When you're standing on an accelerating train, the key challenge is to remain stationary relative to the train. The acceleration of the train creates a horizontal force pushing against your body. According to Newton's first law, this requires a counteracting force to prevent sliding.
Newton's second law, given by the formula \( F = ma \), helps us calculate the amount of force acting on your body due to the train's acceleration. Here, \( F \) is the force, \( m \) is your mass, and \( a \) is the train's acceleration. By calculating this force, we can determine the amount of static friction necessary to prevent sliding.

Static friction is the force that keeps objects stationary relative to each other, preventing them from sliding across surfaces. It acts between your feet and the train's floor when you stand. The static friction force must be strong enough to counteract the force exerted by the train's acceleration.
The static friction force \( F_{\text{friction}} \) can be expressed as \( F_{\text{friction}} = \mu_s N \), where \( \mu_s \) is the coefficient of static friction, and \( N \) is the normal force. The normal force in this scenario equals the gravitational force on your body, which is \( mg \), where \( m \) is your mass and \( g \) is the gravitational acceleration (approximately \( 9.8 \, \text{m/s}^2 \)).
To prevent sliding, the static friction force must be at least equal to the force generated by the train's acceleration. Thus, the coefficient of static friction \( \mu_s \) plays a crucial role in ensuring you remain standing without moving.

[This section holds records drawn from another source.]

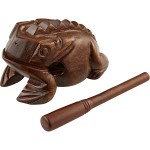 Meinl Percussion Large Wooden Frog Guiro  (Brown)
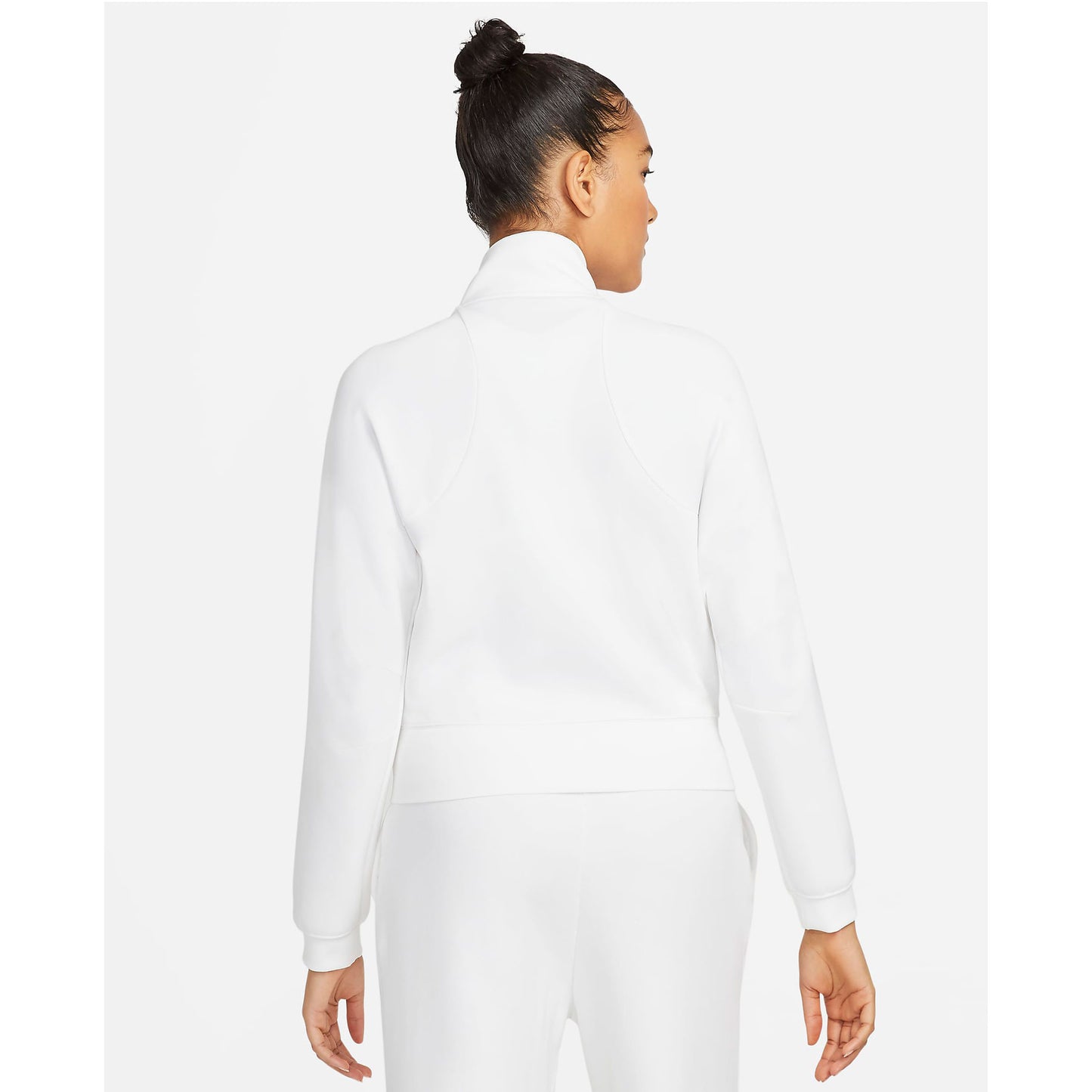 Nike Women's Dri-FIT Heritage Full Zip Jacket (White) - RacquetGuys.ca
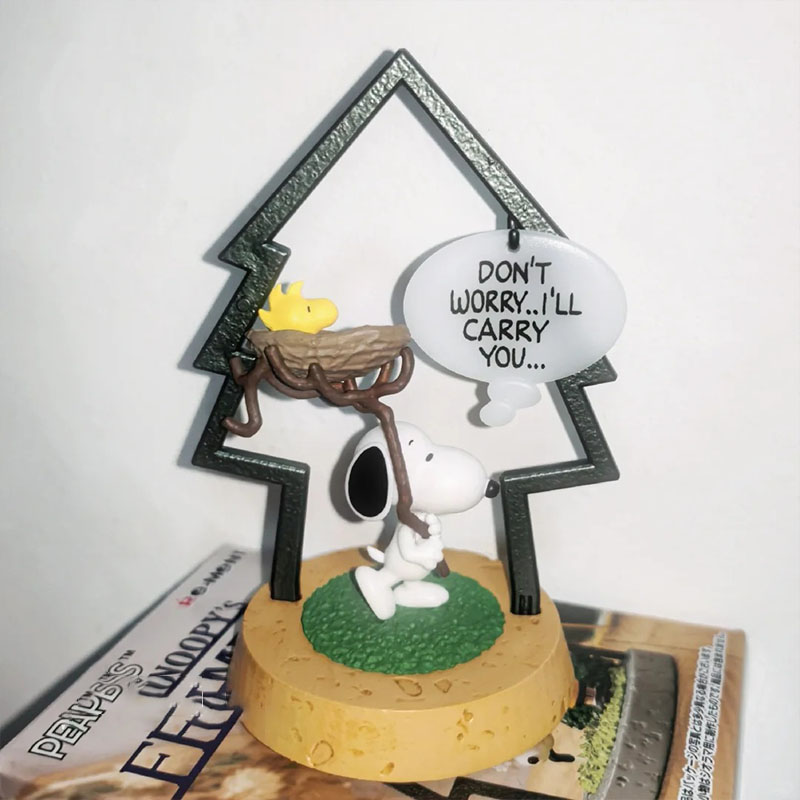 Rement Peanuts Snoopy Frame Ar - Figure Display Box ulasan dan harga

Gravitational acceleration is the acceleration due to Earth's gravity, pulling objects toward the ground. On Earth, this is approximately \( 9.8 \, \text{m/s}^2 \). In our problem, gravitational acceleration is used as a reference to express the train's acceleration.
The train's acceleration is given as a fraction of gravitational acceleration—\( 0.20g \). Thus, it is crucial in calculating the force you experience while standing on the accelerating train.

• The gravitational force acting on you is calculated as \( mg \), where \( m \) is your mass.
• The horizontal force due to the train’s acceleration is \( ma \).
• The static frictional force must balance this horizontal force to keep you steady.

By understanding gravitational acceleration and its relationship with other forces, you can determine the coefficient of static friction necessary to prevent sliding.